François-Félix Roy se remettait d’un rhume lorsque Quartier Libre l’a rencontré au début du mois de septembre. Une maladie bénigne attrapée en Italie, d’où il revenait après quelques prestations en Europe. Sa musique pique la curiosité outre-Atlantique, comme celle de bien d’autres artistes dits «trad», le terme folklore préféré des jeunes qui progressent sur cette scène. «Je pense que c’est une manière de casser l’idée d’une musique figée dans le temps, partage l’interprète. On dit : “Regardez, elle évolue”.»
La chanson traditionnelle québécoise est associée à quelques thèmes, sur un petit nombre de variations. Du moins, c’est le cas pour la plupart des auditeurs. Elle peut être entendue lors des fêtes de fin d’année, en tant que trame de fond «gaillarde» de soirées arrosées ou comme un rappel d’un héritage lointain à la Saint-Jean. Pour les non-initiés, sa place appartient souvent au passé, elle fait partie du folklore. Dans des circonstances précises, la musique «trad» se joue et se confine. «Il n’y a pas toujours des contextes de diffusion large, et parfois, ils sont limités à une vision plus clichée de la musique traditionnelle», estime François-Félix.
Une scène bien vivante
Quelques semaines après sa première rencontre avec Quartier Libre, il a invité le journal à assister à un jam dans un bar populaire de la Petite-Italie, sur le boulevard Saint-Laurent. Une manière différente d’apprécier ses mardis soir, dont il a l’habitude. Il n’est pas le seul; des dizaines de jeunes et quelques moins jeunes se retrouvent assis en rond, guitares et violons dans les mains, à jouer un morceau, sur le même rythme.
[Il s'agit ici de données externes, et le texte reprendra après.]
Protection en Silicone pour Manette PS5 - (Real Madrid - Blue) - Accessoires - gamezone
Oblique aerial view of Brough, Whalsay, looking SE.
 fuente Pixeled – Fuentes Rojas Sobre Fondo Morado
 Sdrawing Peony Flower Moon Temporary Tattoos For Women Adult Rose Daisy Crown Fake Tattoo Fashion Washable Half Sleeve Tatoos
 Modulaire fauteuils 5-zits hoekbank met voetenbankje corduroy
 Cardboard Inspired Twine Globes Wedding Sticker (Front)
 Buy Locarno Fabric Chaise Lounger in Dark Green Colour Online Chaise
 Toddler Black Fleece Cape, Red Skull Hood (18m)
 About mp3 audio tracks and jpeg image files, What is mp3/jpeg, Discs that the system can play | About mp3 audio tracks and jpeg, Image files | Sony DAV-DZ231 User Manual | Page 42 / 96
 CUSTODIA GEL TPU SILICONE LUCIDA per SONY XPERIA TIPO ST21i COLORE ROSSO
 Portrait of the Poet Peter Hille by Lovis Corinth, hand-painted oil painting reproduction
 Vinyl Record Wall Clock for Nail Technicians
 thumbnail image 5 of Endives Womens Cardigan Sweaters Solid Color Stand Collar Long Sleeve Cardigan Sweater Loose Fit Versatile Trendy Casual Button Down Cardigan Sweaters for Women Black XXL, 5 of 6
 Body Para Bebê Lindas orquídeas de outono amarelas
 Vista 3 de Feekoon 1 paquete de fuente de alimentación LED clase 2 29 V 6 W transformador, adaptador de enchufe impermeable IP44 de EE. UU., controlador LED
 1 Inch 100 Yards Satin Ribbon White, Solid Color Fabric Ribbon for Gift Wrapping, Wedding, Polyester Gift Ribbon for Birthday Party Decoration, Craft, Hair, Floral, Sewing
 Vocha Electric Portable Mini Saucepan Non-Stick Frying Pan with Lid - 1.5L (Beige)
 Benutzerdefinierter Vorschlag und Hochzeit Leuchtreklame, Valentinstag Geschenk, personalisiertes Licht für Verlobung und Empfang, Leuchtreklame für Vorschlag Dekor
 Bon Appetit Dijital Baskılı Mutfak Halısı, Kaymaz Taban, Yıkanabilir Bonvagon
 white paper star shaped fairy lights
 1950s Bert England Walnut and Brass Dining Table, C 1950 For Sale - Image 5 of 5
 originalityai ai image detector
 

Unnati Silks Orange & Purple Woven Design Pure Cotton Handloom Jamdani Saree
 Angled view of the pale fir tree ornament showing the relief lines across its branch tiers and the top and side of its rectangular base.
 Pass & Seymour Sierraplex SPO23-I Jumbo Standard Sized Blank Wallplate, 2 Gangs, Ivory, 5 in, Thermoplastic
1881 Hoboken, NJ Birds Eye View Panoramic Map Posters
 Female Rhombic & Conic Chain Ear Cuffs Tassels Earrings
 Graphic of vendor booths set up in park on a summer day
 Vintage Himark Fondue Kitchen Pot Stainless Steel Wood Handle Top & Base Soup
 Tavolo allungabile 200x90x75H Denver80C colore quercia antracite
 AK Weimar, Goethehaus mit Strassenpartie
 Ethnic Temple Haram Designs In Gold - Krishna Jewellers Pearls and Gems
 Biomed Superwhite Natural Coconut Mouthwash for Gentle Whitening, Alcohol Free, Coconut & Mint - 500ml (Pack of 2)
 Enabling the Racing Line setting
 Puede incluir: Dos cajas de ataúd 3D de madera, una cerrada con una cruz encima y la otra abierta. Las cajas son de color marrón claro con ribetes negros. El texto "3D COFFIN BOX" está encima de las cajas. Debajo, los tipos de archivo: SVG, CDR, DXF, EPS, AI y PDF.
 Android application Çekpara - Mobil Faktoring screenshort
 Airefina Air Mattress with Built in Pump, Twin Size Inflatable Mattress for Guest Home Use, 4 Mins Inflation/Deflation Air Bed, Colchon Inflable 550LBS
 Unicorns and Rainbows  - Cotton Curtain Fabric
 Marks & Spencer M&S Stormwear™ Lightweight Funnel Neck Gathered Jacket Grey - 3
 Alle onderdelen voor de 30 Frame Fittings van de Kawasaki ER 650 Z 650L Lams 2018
S’ils ont une passion commune pour la chanson traditionnelle, tous ne sont pas professionnels. Certains jouent simplement pour le plaisir, sans être rémunérés, et les novices comme les spécialistes sont les bienvenus. Les musiciennes Andréanne Côté et Charlotte Kelly sont des habituées de ces rencontres depuis plusieurs années. Charlotte gigue parfois, mais la plupart du temps, elle écoute la musique et socialise. Andrée-Anne danse aussi, mais elle s’est mise au violon «trad» depuis deux ans. «J’aime l’énergie qui ressort de ces soirées et passer du temps avec des gens qui trippent comme moi», témoigne-t-elle. Elles ne sont pas les seules. Le bar est toujours plein à craquer pour les jams.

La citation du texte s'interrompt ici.